A number of posts rattling around in my head were delayed by the launch of HostedPowerPivot.com, but with that behind us, I’m heading out on the road for a bit. Paradoxically that means I actually have more time for the blog. Buckle up, I aim to post 2-3 times this week
In this post I’m gonna take what seems like a brief detour into the irrelevant, but trust me, it has a point and I will get to it pronto.
Warcraft: How to waste years of your productive capacity
I’m not really what you would call a “gamer.” Seriously, I mean that. But for several years when I was at Microsoft, I had a significant addiction to World of Warcraft, aka WoW. All told, I think I spent the equivalent of several MONTHS at the keyboard playing the game (yes, the game reports that figure to you, almost as if to taunt you). That’s months as in “not sleeping, not eating, not taking breaks – solid MONTHS of time.” I shudder to think what I could have done with that time if I’d only had a productive side project back then.
But I wasn’t alone. Many of my Microsoft colleagues, some of them at executive levels, played too, and sometimes MUCH more than I did. In fact, they recruited me to play in the first place.
You are probably wondering “Why, why, WHY would we do such a thing?” There are a few reasons, such as “how else do you interact with your friends from 9 pm to 1 am every single night?”
But the more relevant answer is this: because we all loved making numbers go up.
*MY* numbers! Must… go… higher…
Warcraft is basically a series of dashboards with a game built over the top. Yes, you are playing a game. But the game is a detail – the game is just the mechanism by which you make your numbers on your dashboards look more impressive. I’m absolutely serious.
A typical overview dashboard describing a single player
These dashboards are YOURS. They describe YOU, in a sense. And they are not private to you. Not at all. Anyone else in the game can click on you and inspect your dashboard. If that’s not enough, they can visit your online dashboard that Blizzard updates every day.

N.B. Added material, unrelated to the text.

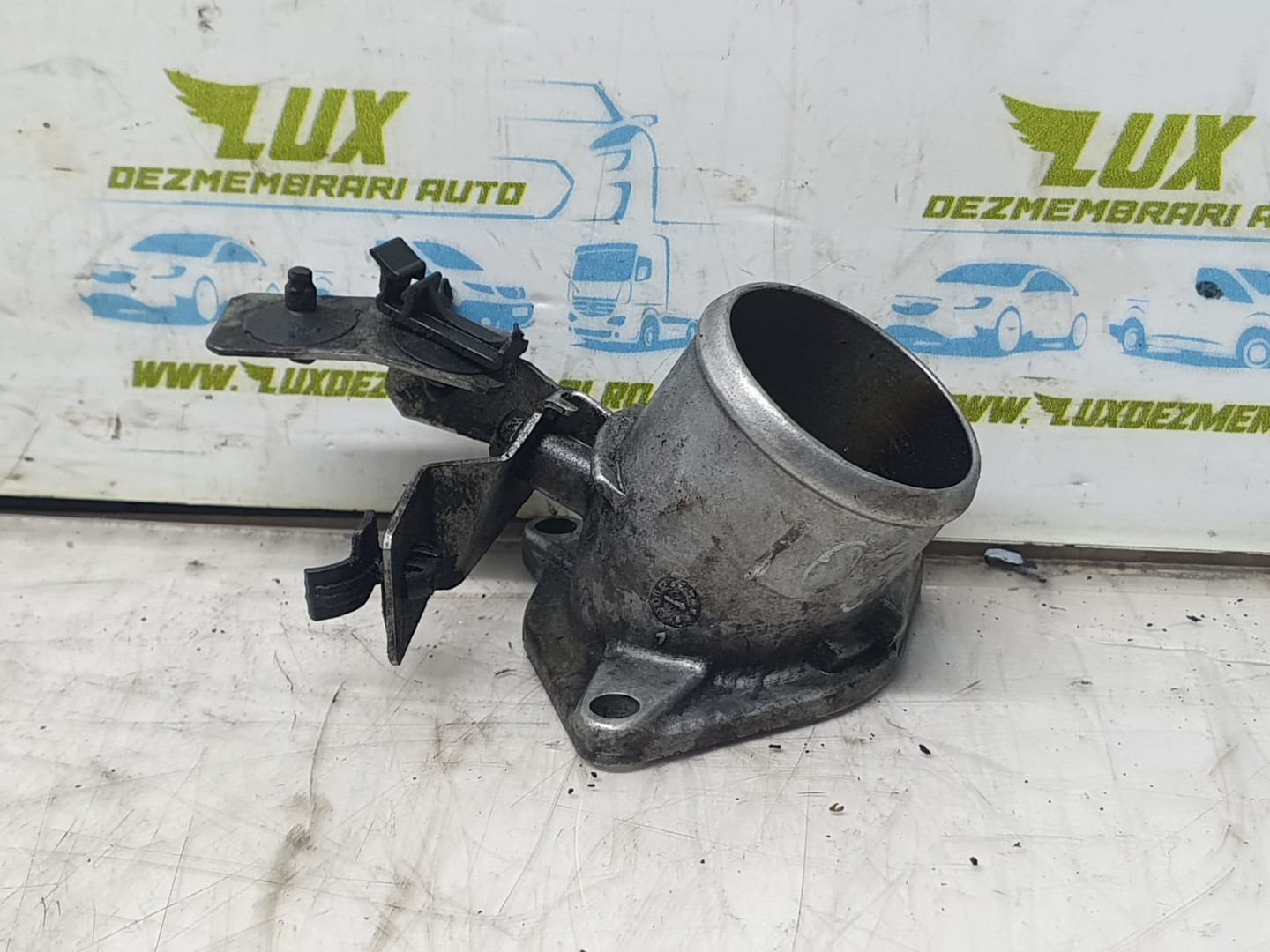 Conducta EGR Volkswagen Golf 5 (2003 - 2009)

Your dashboards are your entire face and reputation to the online world, much as some people view their Facebook pages.
One of my childhood friends is a talk radio producer in Florida. He’s also a poker pro who recently won a $10,000 entry into the World Series of Poker Main Event next month in Vegas. He’s awfully good at making numbers go up.
Unsurprisingly, he also happens to have the highest overall numbers of anyone I knew in Warcraft:
And of course, people build all kinds of spreadsheets and other applications to help them optimize their numbers:
The moral of the story
There are actually two. First of all, if you are reading this blog, you are a numbers geek. And my advice to you is to stay the hell away from games like the above
The other moral is to recognize that we ALL like making numbers go up, and that can be a powerful force for good (and not just an insanely addictive and lucrative business for Blizzard).

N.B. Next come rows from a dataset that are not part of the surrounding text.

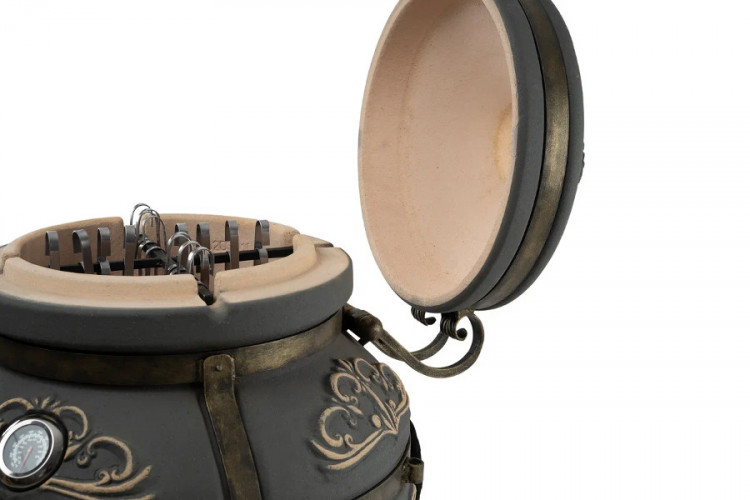 Тандыр Гранд в Екатеринбурге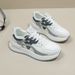Spring Fashion Dad Shoes Casual Student Women's Shoes_vogvips.com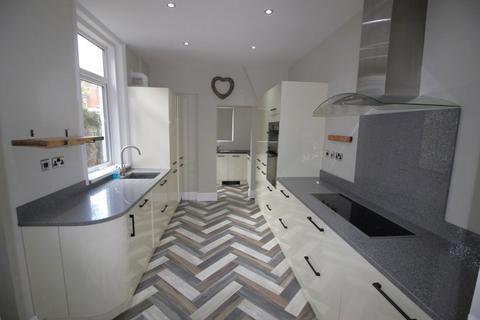 3 bedroom house to rent, Maud Street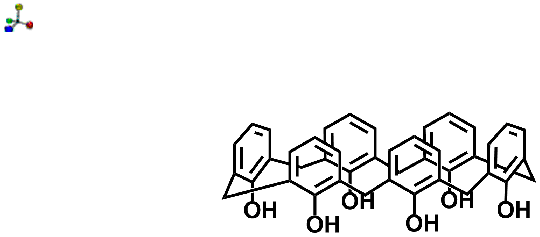 Calix[6]arene 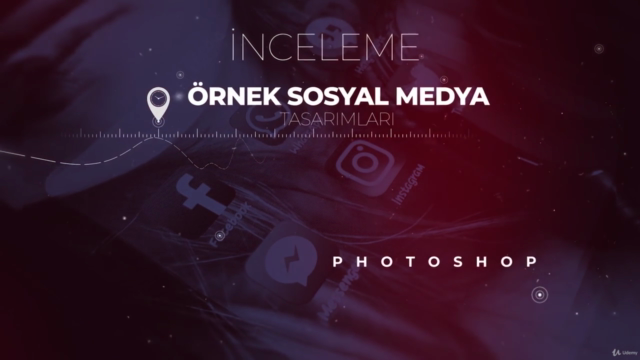 Photoshopla Sosyal Medya Post Tasarımı – Screenshot 2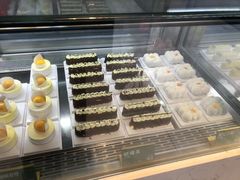 -麦雪尔甜品·生日蛋糕(新街口旗舰店)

And Now for a Productive Example
On a recent client visit I was invited to attend their end of day “KPI” meeting on two consecutive days. It’s a 30 minute meeting held EVERY weekday at 5 PM. Executives, team leaders, and the BI team all attend.
And the entire agenda of the meeting is to go over about 20 charts. Yes, the same 20 charts. Every day.

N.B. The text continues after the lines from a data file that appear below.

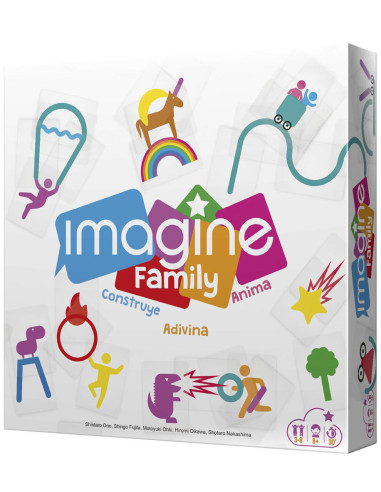 Imagine Family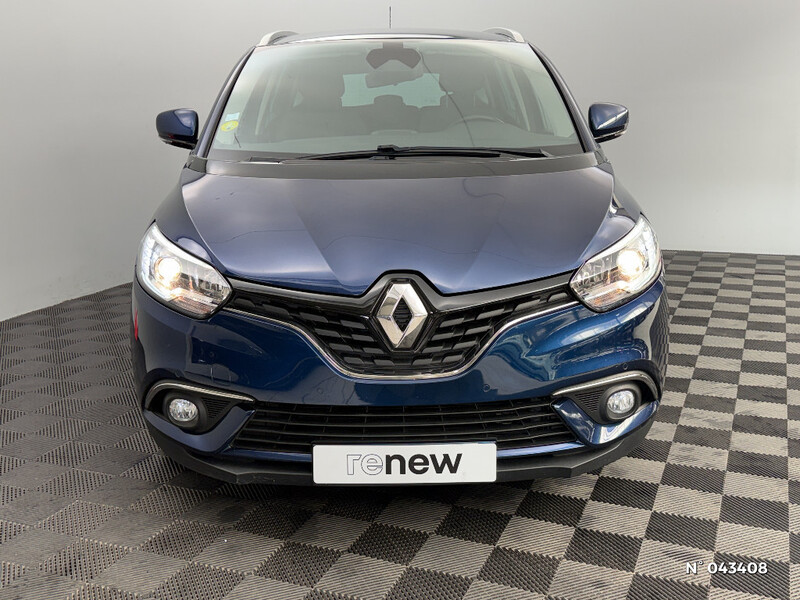 Renault Grand Scenic IV
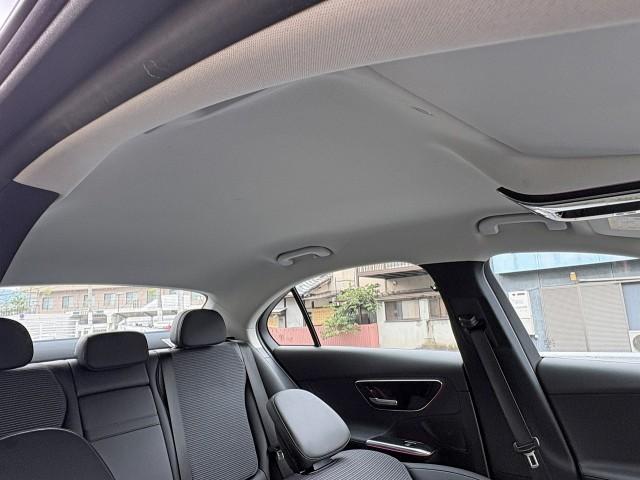 Ref:AUX-25061433 MERCEDES BENZ C-CLASS 2022 17 Ref:AUX-25061433 MERCEDES BENZ C-CLASS 2022 - Image 17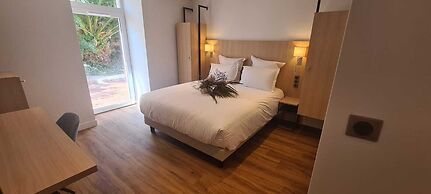 Maisons de Tatihou, The Originals Relais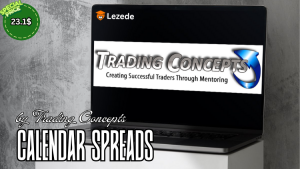 Calendar Spreads by Trading Concepts Free Download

Each chart shows about 30 days of data. So in effect, every day, they review the same 20 charts, each of which has changed by only 3% from the prior day. Based on that description, you’d think this was the dullest, least dynamic and productive recurring meeting in history.
But it is anything but. I was astonished at how many productive conversations broke out as the result of reviewing the data. On day one I was convinced that it was a fluke, and that the next day would revert to quiet and dull. But day two was again incredibly productive for them.
It was like being dragged to an opera and then having them show The Matrix instead.
Why this works
So I asked them what their secret was. Why was this such a dynamic and engaged meeting, day after day?
These clever folks then killed me with my own sword. You see, at lunch the day before, they had asked me why Warcraft was so addictive, and I had explained the whole “numbers going up” thing.
“These are OUR numbers Rob. They are what we do.”
I loved it. It inspired this whole post.
And when I got home, what was my first project? Yes, that’s right – I started building a new internal KPI report for Pivotstream’s multiple businesses. Because what gets measured gets done.
And numbers you see… are numbers that you make go up.